Al ser el Beni considerado el foco principal para la ampliación de la frontera agropecuaria, en 2018 el CIPCA realizó un análisis de las propuesta de ampliación de la frontera agrícola de la ABT en el Beni que además de los complejos productivos, considera tres grandes áreas de exploración agropecuaria en las zonas noroeste, noreste y sureste) que de acuerdo al PLUS estarían sobre las siguientes categorías de tierra: uso ganadero limitado, ganadero extensivo, forestal limitado, agropecuaria extensiva, agrosilvopastoril y áreas de inmovilización, y tierras de uso forestal (Figura 2). En total, éstas tres áreas ascienden a 7.082.366 hectáreas y según la ABT (2017) al menos 3,6 millones de hectáreas no son inundables y tienen potencial productivo para la producción de soya, maíz, sorgo, arroz, pasturas inducidas para ganadería y plantaciones forestales comerciales, siendo lo más riesgoso que 33,3% de esta superficie está proyectada a cambios de uso de suelo (1,2 millones de hectáreas de bosque). Dentro de esta proyección, coincide que al menos 1.282.805 hectáreas corresponden a tierras de producción forestal permanente de TIOC y comunidades campesinas (Figura 2).

Figura 2. Plan de uso de suelo y tres áreas propuestas para la expansión de la frontera agropecuaria en el Beni.

Este suceso de la modificación del DS 20075 nos recuerda a lo que ocurrió en Inglaterra entre 1700 a 1845, en donde se promulgaron al menos 4.000 leyes con el fin de cercar las tierras, permitir la apropiación privada y liberar una mano de obra que debería servir en el naciente proceso de industrialización. Esto permitió el acaparamiento de los recursos naturales de esas tierras privadas, que en principio eran de bien común, y los habitantes dentro de esos territorios los cuales fueron utilizados para este proceso. 

Una vez que se conoce lo que implica los cambios del DS 26075 (deforestación para aumentar la producción de ganado y agricultura industrial) es necesario reflexionar al menos qué tipo de ganadería y agricultura se quiere realizar. En Beni y Santa Cruz la ganadería por lo general ha sido extensiva y ha traído resultados magros en el ámbito productivo, pero además con graves problemas socioambientales, al igual que la agricultura intensiva.

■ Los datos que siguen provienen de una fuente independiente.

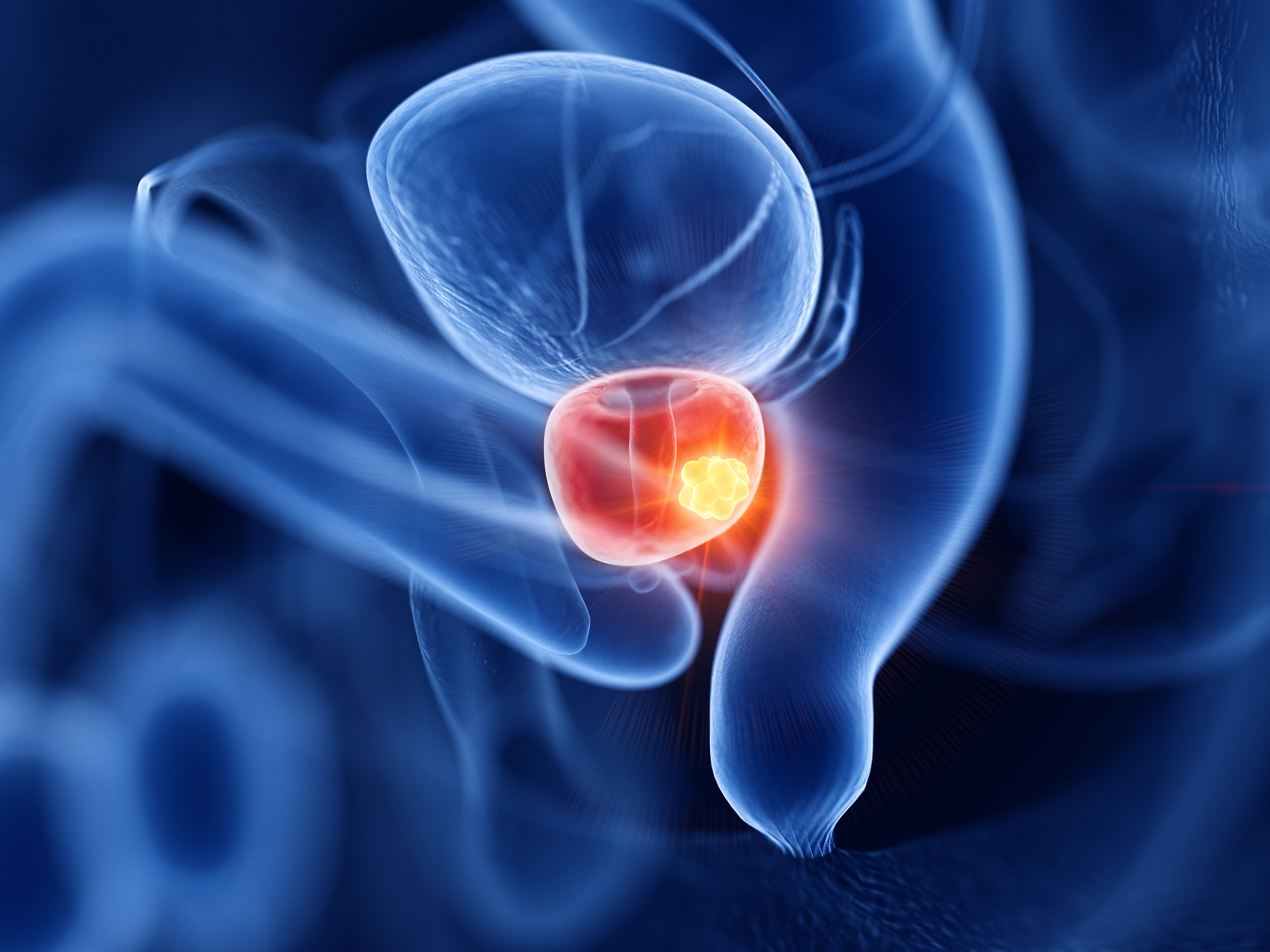 Tumore della prostata, la sfida dei radioligandi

Para este caso, es indispensable que haya al menos algún plan, estrategia y/o programa que consideren posibles problemas a la hora de su implementación tales como la degradación de la tierra, riesgos ante el cambio climático, contaminación del agua, pérdida de biodiversidad, vulnerabilidad socio-económica de la población, pobreza e inseguridad alimentaria, necesidades básicas insatisfecha etc., y no sólo se plantee como único fin el crecimiento económico. 

Igualmente, al ser la ganadería el foco para su ampliación a corto plazo, es importante que los ganaderos modifiquen su modelo de producción a través de innovaciones tecnológicas o tengan una mirada a otros sistemas productivos que se desarrollan en otras regiones de Bolivia como la del Chaco boliviano, en donde los sistemas ganaderos bajo manejo semi-intensivo han demostrado ser sustentables en términos socioambientales y una alternativa interesante en términos económicos en relación a sistema ganaderos bajo la lógica extensiva (Figura 3). 

Figura 3. Representación gráfica de la sustentabilidad del sistema de manejo de ganadería extensiva y el sistema de manejo de ganadería semi-intensiva con base en indicadores sociales, económicos y ambientales. Fuente: Cuaderno de investigación Nro. 85 del CIPCA.

Finalmente, es importante entender que las tierras comunitarias responden a otra lógica según los diversos modelos locales de desarrollo, si no se toma en cuenta la idiosincrasia indígena y campesina, generalmente estos proyectos ambiciosos a implementar en el ámbito agropecuario no tienen éxito tal como ocurre actualmente en el norte amazónico de Bolivia en donde la producción de arroz bajo mecanización, impulsada por diferentes programas de gobierno ha dado como resultado una baja productividad y elevados costos de producción en relación a otras regiones de Bolivia y del continente, lo cual se torna insostenible.